Problem: Feature spaces from different models or layers are incompatible. Solution: Convert absolute features to relative affinity features (\(A_{ij} = \text{similarity}(x_i, x_j)\)). Key Insight: Use RBF Auto-scaling to dynamically tune \(\sigma\) so the affinity matrix has a constant mean density, making the alignment robust to scaling and outliers.

Motivation

Deep learning models (e.g., CLIP, DINO, Stable Diffusion) learn robust visual concepts, but represent them in incompatible embedding spaces. Even within the same model, different layers operate in distinct coordinate systems. Direct comparison (e.g., \(L_2\) distance) between these spaces is mathematically invalid.

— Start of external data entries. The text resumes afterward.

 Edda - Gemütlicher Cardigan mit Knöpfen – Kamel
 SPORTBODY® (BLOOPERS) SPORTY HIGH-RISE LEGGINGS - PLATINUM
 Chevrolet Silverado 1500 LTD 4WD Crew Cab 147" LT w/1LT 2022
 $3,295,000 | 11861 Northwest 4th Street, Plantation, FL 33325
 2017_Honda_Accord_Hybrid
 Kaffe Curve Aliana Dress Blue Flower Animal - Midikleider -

Feature Alignment maps these disjoint representations into a common space where semantic correspondence is preserved. This enables cross-model visualization, layer-wise analysis, and valid distance computation.

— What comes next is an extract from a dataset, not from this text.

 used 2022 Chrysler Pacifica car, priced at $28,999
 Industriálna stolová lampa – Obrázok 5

Inspired by Representational Similarity Analysis (RSA), we leverage the insight that while absolute coordinates vary, the relative geometry of concepts remains consistent.

Quick Start

from ncut_pytorch.utils.math import rbf_affinity
import torch

# Features from two different sources (e.g., different models/layers)
features_A = torch.randn(100, 768) 
features_B = torch.randn(100, 1024)

# Transform to aligned relative space
# The resulting matrices encode the relative geometry of each set
aligned_A = rbf_affinity(features_A) # Shape: (100, 100)
aligned_B = rbf_affinity(features_B) # Shape: (100, 100)

# Now valid to compare aligned_A and aligned_B using standard metrics

Results

Alignment reveals consistent semantic structures across models.

Case Study: SAM vs. DINO

SAM (Segment Anything Model) focuses on boundaries and edges. DINO captures high-level semantic parts.

Model Before Alignment After Alignment
SAM before after
DINO v3 before after

Observe how facial regions (hair, eyes, nose) map to consistent colors after alignment, despite the models' differing original representations.